El supuesto mendigo, y mi debate interno (4° encuentro)

Y ahora, como podía continuar mis días de la misma manera que la había transitado toda mi vida; como podía desestimar esta información que me había llegado.
Como podía yo hacer de cuenta que lo vivido había sido una locura, sin mas que eso. Quitarle valor, importancia; ironizarlo y despreciarlo. Como es que podría realizar eso si dentro de mi ´pulsaba esa inquietud, ese deseo.
El llamado de la incertidumbre, a ese estilo de vida, me estaba atrapando cada día más. Mejor dicho, cada día estaba sonando mejor dentro mío.
Las frases continuaban sonando en mi, como campanas que congregan a sus seguidores.

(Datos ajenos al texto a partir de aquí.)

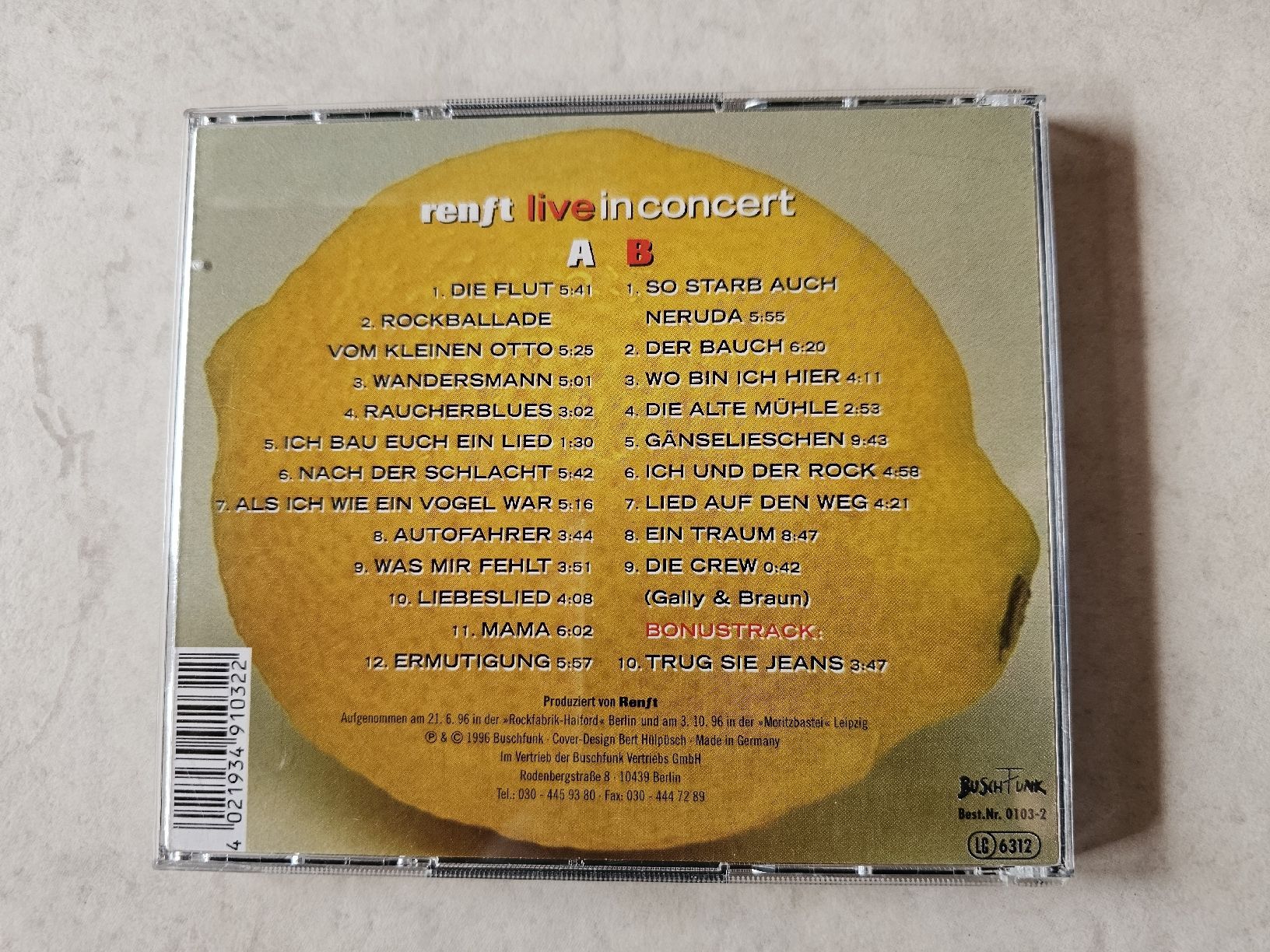CD: Renft  -  LIVE In Concert  /  2 CD's – Usato da Schneisingen venduto da backstore24 1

Ellas sonaban en mi, despertando las partes mías que sabían que lo vivido era cierto, que tenía algo muy valioso en si mismo aunque yo todavía no lo haya podido ver o entender.
Mi búsqueda fue girando en torno del deseo, del aprender, de la disposición y disponibilidad.
Tantas veces había dicho que estaba dispuesto a mejorar en mi vida, que estaba disponible para hacer tantas cosas; que yo quería aprender y que mi deseo era alguno en claro. Tantas veces había dicho todo esto y hoy estas afirmaciones dichas por mi comenzaban a tener una cierta incongruencia con lo que, de a poco, iba eligiendo.
Como podía haber estado tan seguro de que me encontraba disponible a mejorar mi vida sin tan solo hacia lo mismo de siempre, con las mismas ideas y sin tener un planteo nuevo; como pude decir que estaba disponible, si hasta la aparición de este hombre yo había negado toda posibilidad que se me había presentado. Como pude decir que deseaba aprender si repetía las mismas respuestas a la misma gente y hacia las mismas cosas sin ver realmente que hacía. Hoy me pregunto esto, desde este nuevo lugar que se había presentado en mi vida, desde esta nueva posibilidad de vivir mi vida.

Hoy, luego de muchos días de dialogo conmigo mismo iba pudiendo ver el significado del no-tener y como si llegaba a ese estado, podía comenzar a tenerme.
Antes había querido tener, y tener mucho. Tener significaba ser alguien, era respeto, era valor, era importancia; tener algo daba la importancia de mi persona. Hoy en día estaba justamente en el debate del no tener, del perder esos atributos.
Una parte mía debatía contra ello y otra parte mía lo asistía.

Sabiendo yo que todo esto estaba teniendo un nuevo valor, una nueva relevancia en mi vida; me debatía mi vida y en ella ponía mi existencia en jaque.

Los días me son duales, entre buenos días y malos días pasan mis semanas. Entre gritos y enojos, sonrisas y felicitaciones. Entre no-tener y no entender que diablos significa eso.

Esto creció en mi hasta llegar a cuestionar todo y a no entender porque estaba planteándome todo esto, si mi vida había estado bien por tantos años. Y de esto casi estuve por creérmelo; solo una parte de una frase fue la que me salvó y me trajo, nuevamente, a la superficie "duda de tí, dudando".

Hoy me encuentro en esta dicotomía de vivir mi vida y que significa esto. Que era lo que hacía y que es lo que hago.
Como hacer para no-tener y como lograr en tenerme, si yo había pensado que me tenía mientras, también, tenía.

Mi mundo de castillos, que no eran castillos sino simples chozas, se tambaleaba ante mi sentir, mi ver y mi creer. Si yo no era el mismo que antes, como podía seguir en pie lo de antes...

Esta lucha interna se libraba cada día, a cada hora había un encuentro que duraba unos pocos segundos, o el minuto completo. Y cuando comenzaba a sentir que mis fuerzas se iban agotando y que ya no podía continuar con este duelo, surgía la imagen de este hombre, las frases que de su boca habían salido y, como por arte de magia, yo estaba nuevamente refulgente de energía, ganas, voluntad y deseos.

Con cada enfrentarme, a mi mismo, pude ir viendo que simbolizaba en no-tener, el estar dispuesto y disponible. El poder que yo tenía en mi vida.
Todo esto sucedía por una razón, y eso lo estaba empezando a creer; porque, como podría ser sino que sucediese todo lo que sucedía a alguien tan común, tan normal, tan sin nada importante ni interesante que mostrar, dar o decir.

Así siguieron mis días, con sus colores cambiantes, con sus voces alentando o linchando. Y cada tanto, este hombre se me presentaba en mi cabeza, y me repetía alguna de las frases que me había dicho -mi mente me ayudaba a que pueda recordar bien esos momentos- para darme fuerzas y motivación.

Muy por algún horizonte iba comprendiendo las cosas que este hombre me había dicho, y se me hacía un lugar al cual llegar. Es por ello que, creo y siento, me encuentro caminando hacia allí.